Over 100 GB is dominated by the hard-core *nices. Linux can probably be used seriously now although a lot of companies would rather go with the proven solution and pay. When $10k software is under 1% of your total purchase price, free OS vs paid OS isn't much of an issue.
Although it seems very logically that a 4 machine cluster is faster than it's single machine counterpart, it's not that simple an equation.

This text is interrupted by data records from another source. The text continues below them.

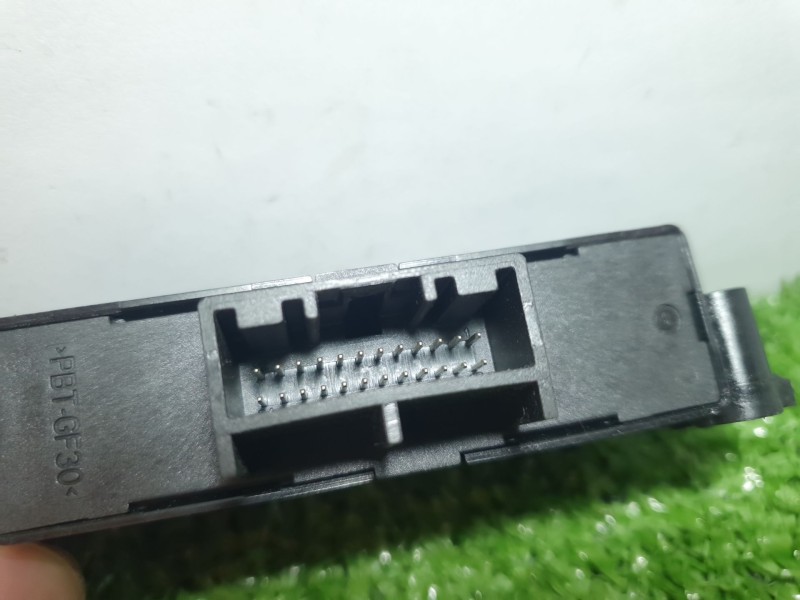 Recambio de modulo electronico para renault zoe 2014 referencia OEM IAM   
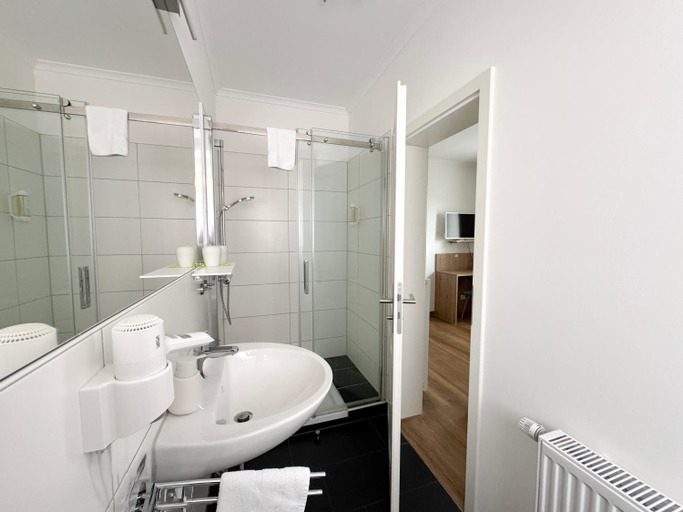 Bathroom 5, Heilotel, Eichsfeld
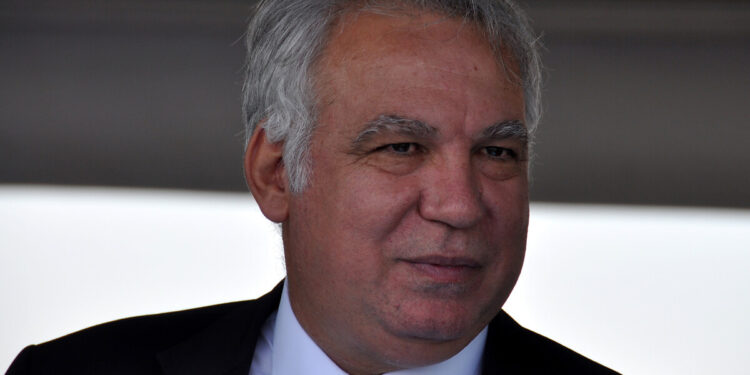 Erdoğan'a 'Sen aslında kendine darbe yaptın' dedi; ihraç yolu gözüktü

Not every database or operating system can scale that well. Lets take a look at each individual machine of the cluster. They are SGI 1450s with 4-way Xeon 700Mhz. The nearest competitor on the performance chart is the NEC 4-way machine, which is at 800. Assuming each individual machine of this cluster is also at about 800 tpm, then the cluster scaled at 85%. Not too shabby. Can you do the same type of scaling with Oracle? Not likely(look at any of the Oracle benchmarks, the biggest cluster they got have two machines).
Also, if you have recently read what the Oracle guys have been asking the kernel developers, you would know that there are a lot of features that the Linux kernel is missing right now causing it to not perform optimally as a DB server. The SGI and IBM guys have worked hard to get around every one of these barriers in order to get these results. This really shows that both these companies are very dedicated to make Linux be the top choice as DB servers in the future.

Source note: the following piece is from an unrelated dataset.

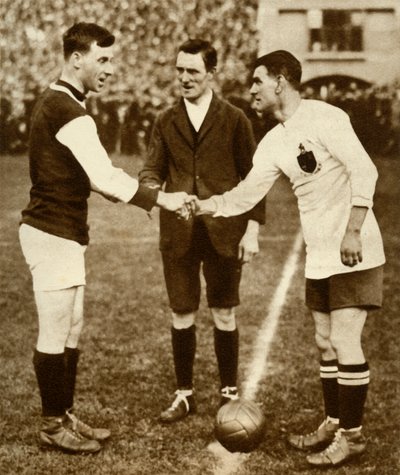 George Kay og Joe Smith før avspark, FA-cupfinale, Wembley Stadium, London, 1923, 1935. av Unbekannt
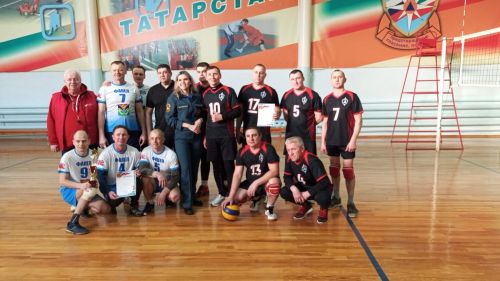 Команда 73 пожарно-спасательной части завоевала 2 место на соревнованиях по волейболу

I don't want to burst anyone's bubble, but Linux off the shelve at the moment is still a very immature operating system for a DB server. However, with the work of companies like SGI and IBM, Linux now has a top result on a industry recognized benchmark.I wouldn't be surprise if there are more results coming in the near future.
Congrats to both companies for this great result!

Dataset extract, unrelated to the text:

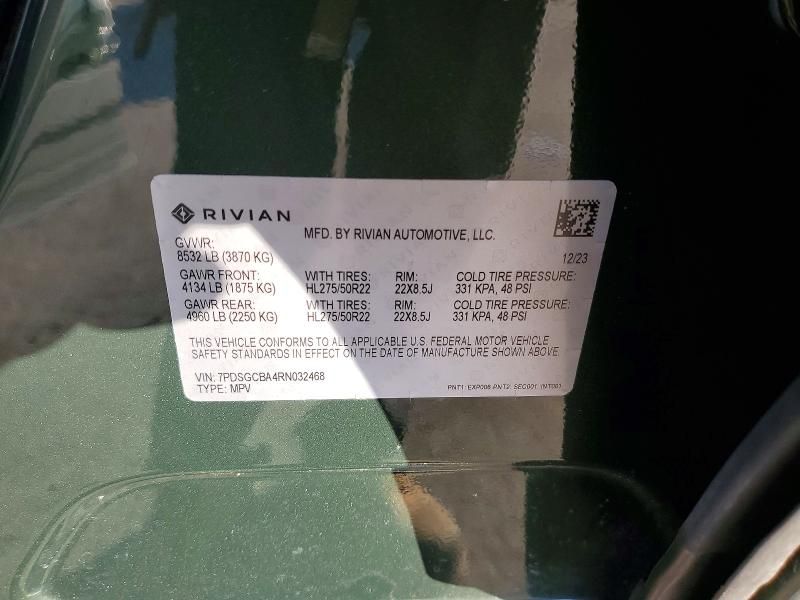 2024 Rivian R1S Adventure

"But it's open source, so it's less secure. Would you entrust your data to something that anyone can modify the source code for?"
"But it's open source, so you don't have the satisfaction of having paid several thousand dollars for a Windows 2000 Datacenter site license."
"But it's open source, which we all know makes Baby Jesus cry."
"But it's open source, which sort of sounds like 'open sores', which is just gross, don't you think?"
Pick any or all of the above, submit to PR Newswire...
- A.P.
--
Forget Napster. Why not really break the law?
"Remember when the U.S. had a drug problem, and then we declared a War On Drugs, and now you can't buy drugs anymore?"
The reason that people hate Gates is that they've been hurt by his software. As in, "I've been Gatesed," a reference to the loss of data, work, or effeot because a machine behaves in a fundametnally unreasonable way, or becuase the command just used is different thatn the command that was bound to the same keys on the prior version, resulting in a loss of data. Or when the machine refuses to allow acces to a file without a bizarre workaround. Or when focus to a window is lost even though you were still typing because of a "helpful" feature. Not to mention the times when this week's version of word/excel has problems with a vile saved by last week's.
No, it isn't his money, wealth, or succes that cause most people to hate him. It's the painful to use products.
I never hated windows until I had to spend a day with it to et the files I needed to download Linux . . .
And no, I don't hate Gates. I'm not even anti-microsoft. I do, tough, understand someone who regularly uses the products becoming so . . . and I have the advantage that I haven't spent a lot of time with any since word 5.1 and excel 4--not from loack of opportunity, but because the later versions took out features I used constantly. I switched to *nix over LyX, not ideology (and I would have had to switch in a year or two anyway due to high performance computing needs that windows just can't handle).
hawk
Just a note: Although the database was IBM's DB2, the benchmark was done by SGI on 16-way Pentium III Xeon cluster. Also of note is the fact that the nearest competitors were 8-way Pentium III Xeon systems, not clusters, running SQL Server 2000 on Win2k.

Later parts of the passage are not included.